====== Extracted records ======
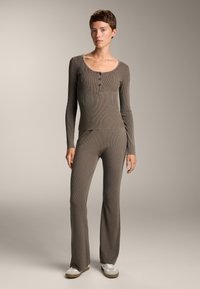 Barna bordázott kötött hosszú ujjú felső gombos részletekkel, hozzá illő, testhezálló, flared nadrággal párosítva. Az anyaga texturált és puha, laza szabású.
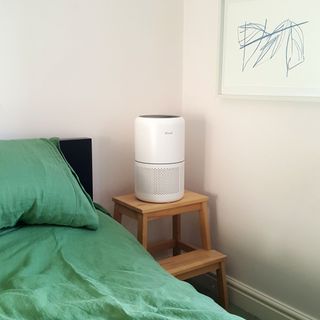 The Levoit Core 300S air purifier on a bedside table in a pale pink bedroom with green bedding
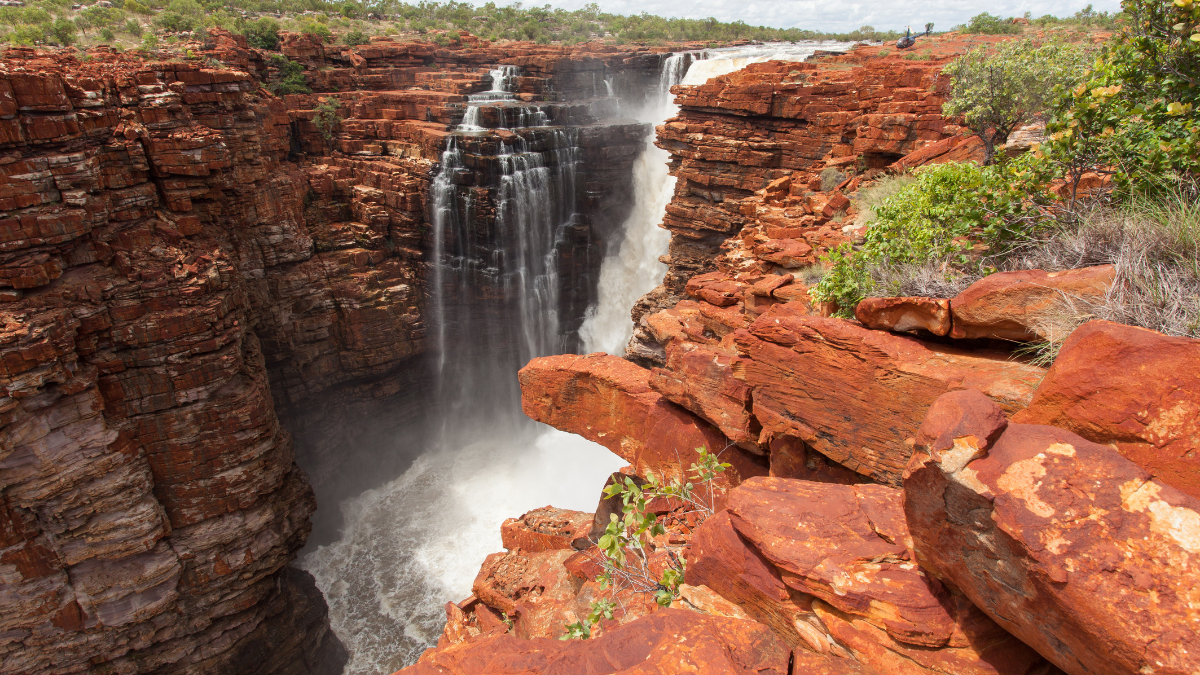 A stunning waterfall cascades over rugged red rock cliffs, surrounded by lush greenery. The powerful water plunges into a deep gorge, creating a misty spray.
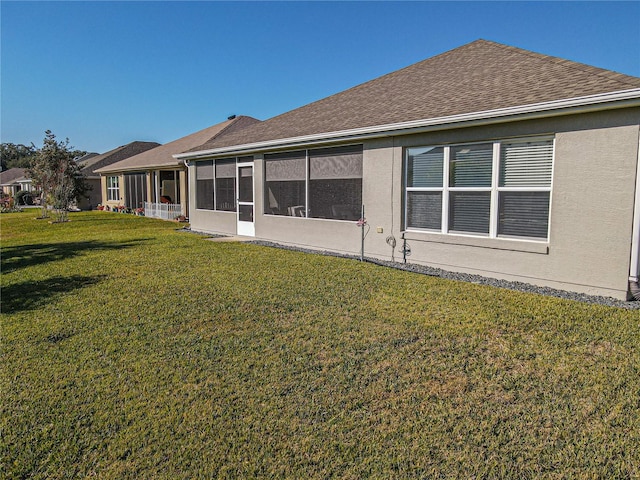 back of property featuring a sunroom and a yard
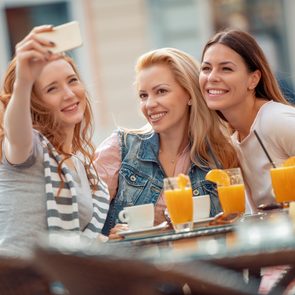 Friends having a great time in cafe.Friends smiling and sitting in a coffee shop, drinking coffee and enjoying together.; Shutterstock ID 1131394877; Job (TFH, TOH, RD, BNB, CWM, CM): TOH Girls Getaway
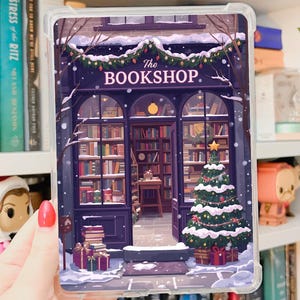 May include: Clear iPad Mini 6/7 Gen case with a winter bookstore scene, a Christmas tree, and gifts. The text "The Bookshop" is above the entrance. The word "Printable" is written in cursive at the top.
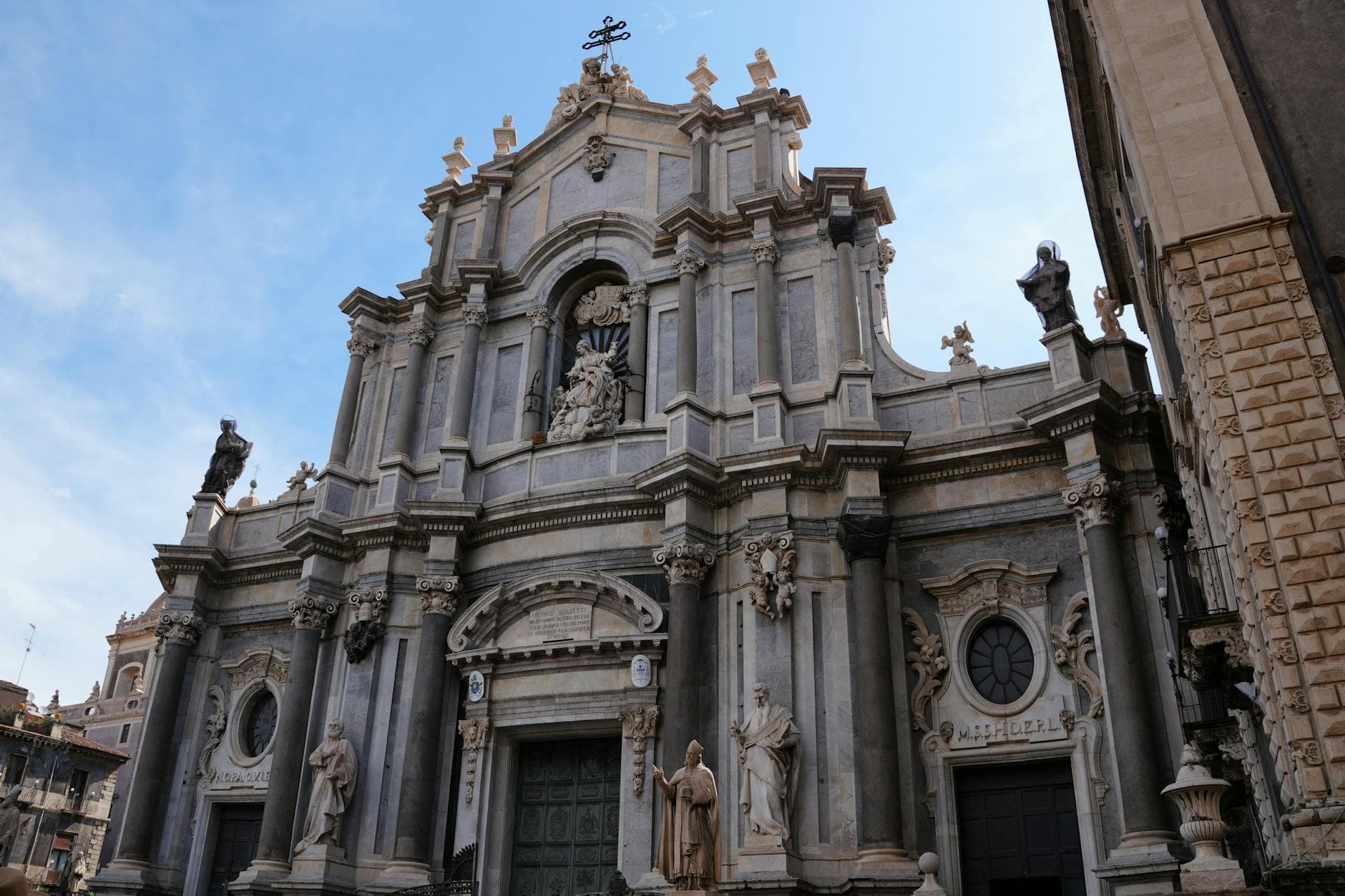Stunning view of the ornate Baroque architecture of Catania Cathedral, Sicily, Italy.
======
### Exercise prompt
Repeat the records above exactly, leaving out the pictures.

### Solved problem
 Barna bordázott kötött hosszú ujjú felső gombos részletekkel, hozzá illő, testhezálló, flared nadrággal párosítva. Az anyaga texturált és puha, laza szabású.
 The Levoit Core 300S air purifier on a bedside table in a pale pink bedroom with green bedding
 A stunning waterfall cascades over rugged red rock cliffs, surrounded by lush greenery. The powerful water plunges into a deep gorge, creating a misty spray.
 back of property featuring a sunroom and a yard
 Friends having a great time in cafe.Friends smiling and sitting in a coffee shop, drinking coffee and enjoying together.; Shutterstock ID 1131394877; Job (TFH, TOH, RD, BNB, CWM, CM): TOH Girls Getaway
 May include: Clear iPad Mini 6/7 Gen case with a winter bookstore scene, a Christmas tree, and gifts. The text "The Bookshop" is above the entrance. The word "Printable" is written in cursive at the top.
Stunning view of the ornate Baroque architecture of Catania Cathedral, Sicily, Italy.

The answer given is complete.